Optimization of waste to energy routes through biochemical and thermochemical treatment options of municipal solid waste in Hyderabad, Pakistan

• Existing practice of municipal solid waste management of Hyderabad city, Pakistan have been analyzed.
• Development of scenarios on basis of nature of waste components for optimizing waste to energy route.
• Analyzing the biochemical and thermochemical potential of MSW through various scenarios.
• Evaluation of various treatment technologies under scenarios to optimize waste to energy route.

Improper disposal of municipal solid waste (MSW) has created many environmental problems in Pakistan and the country is facing energy shortages as well. The present study evaluates the biochemical and thermochemical treatment options of MSW in order to address both the endemic environmental challenges and in part the energy shortage. According to the nature of waste components, a number of scenarios were developed to optimize the waste to energy (WTE) routes. The evaluation of treatment options has been performed by mathematical equations using the special characteristics of MSW. The power generation potential (PGP) of biochemical (anaerobic digestion) has been observed in the range of 5.9–11.3 kW/ton day under various scenarios. The PGP of Refuse Derived Fuel (RDF), Mass Burn Incinerator (MBI), Gasification/Pyrolysis (Gasi./Pyro.) and Plasma Arc Gasification (PAG) have been found to be in the range of 2.7–118.6 kW/ton day, 3.8–164.7 kW/ton day, 4.2–184.5 kW/ton day and 5.2–224 kW/ton day, respectively.
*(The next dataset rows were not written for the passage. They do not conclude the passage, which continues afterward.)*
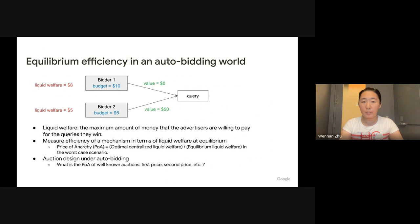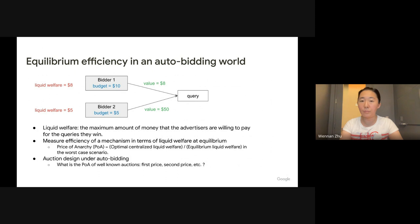In this work, we study equilibrium efficiency in the auto bidding world. First, we adopt the concept of liquid welfare, which is defined as the maximum amount of money that the advertisers are willing to pay for the queries they run. This liquid welfare depends both on the advertiser's value for each query and also each advertiser's total budget. We then measure the efficiency of a mechanism by price of anarchy, which is the ratio of the optimal centralized liquid welfare and the equilibrium welfare in the worst case scenario.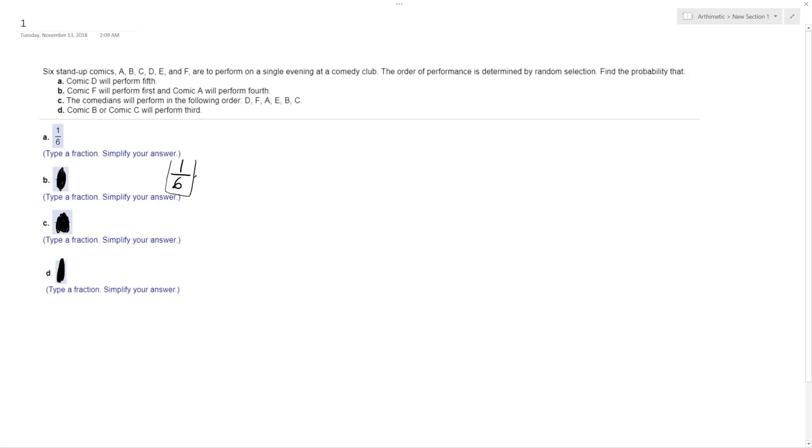These are tied events, so they're mutual to each other, so that means that Comic A has—there's five more slots, so he has a one-out-of-five chance. So multiply together, you get one-out-of-30. There's a one-out-of-30 chance that that can occur.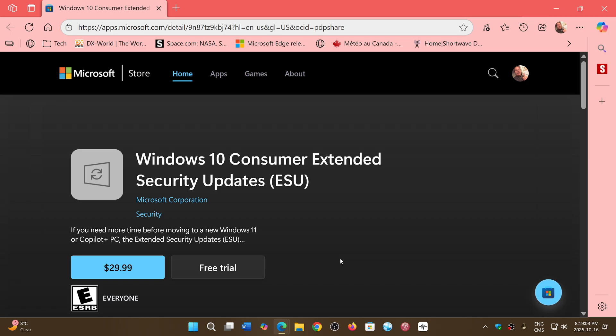But anyways, check it out if you want to keep your machine. I think $30 for a year is not expensive to keep it another year on Windows 10. And you'll see what happens next.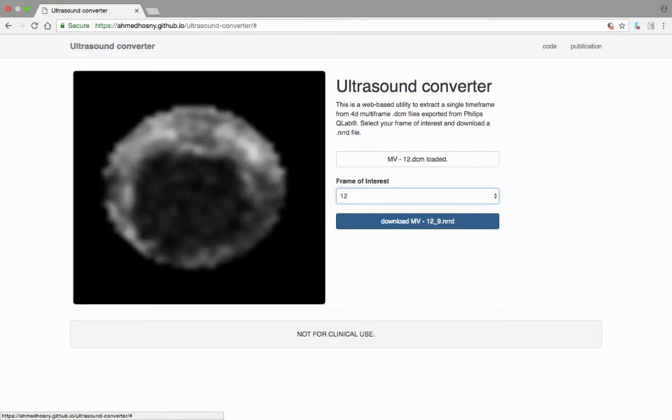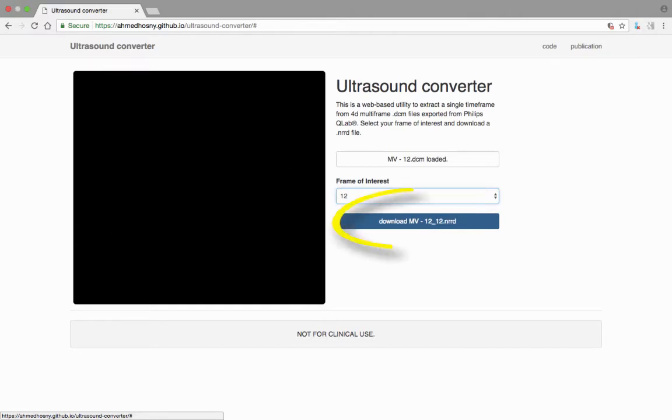Once selected, the website will automatically process the dataset. A third and final link now appears on the site, giving you the option to download the NRRD file.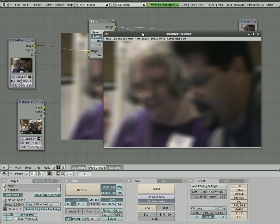So that was video number two on node editing in Blender. Hope this has given you some ideas on what you can do as far as just effects and touching up videos in Blender. Filmsbychris.com for more video tutorials like this.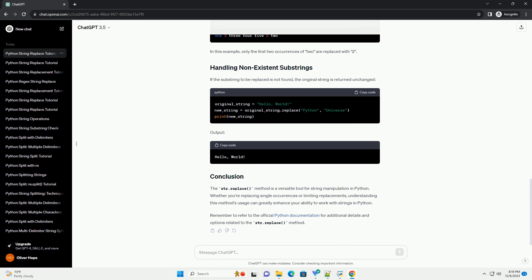Output: The strReplace method is a versatile tool for string manipulation in Python. Whether you're replacing single occurrences or limiting replacements, understanding this method's usage can greatly enhance your ability to work with strings in Python. Remember to refer to the official Python documentation for additional details and options related to the strReplace method.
The highest values of biochemical and all thermochemical technologies have been obtained through the use of scenarios including the putrescible components (PCs) of MSW such as food and yard wastes, and the non-biodegradable components (NBCs) of MSW such as plastic, rubber, leather, textile and wood respectively. Therefore, routes which include these components are the optimized WTE routes for maximum PGP by biochemical and thermochemical treatments of MSW. The findings of study lead to recommend that socio-economic and environmental feasibility of WTE conversion technologies should be performed in the context of the country.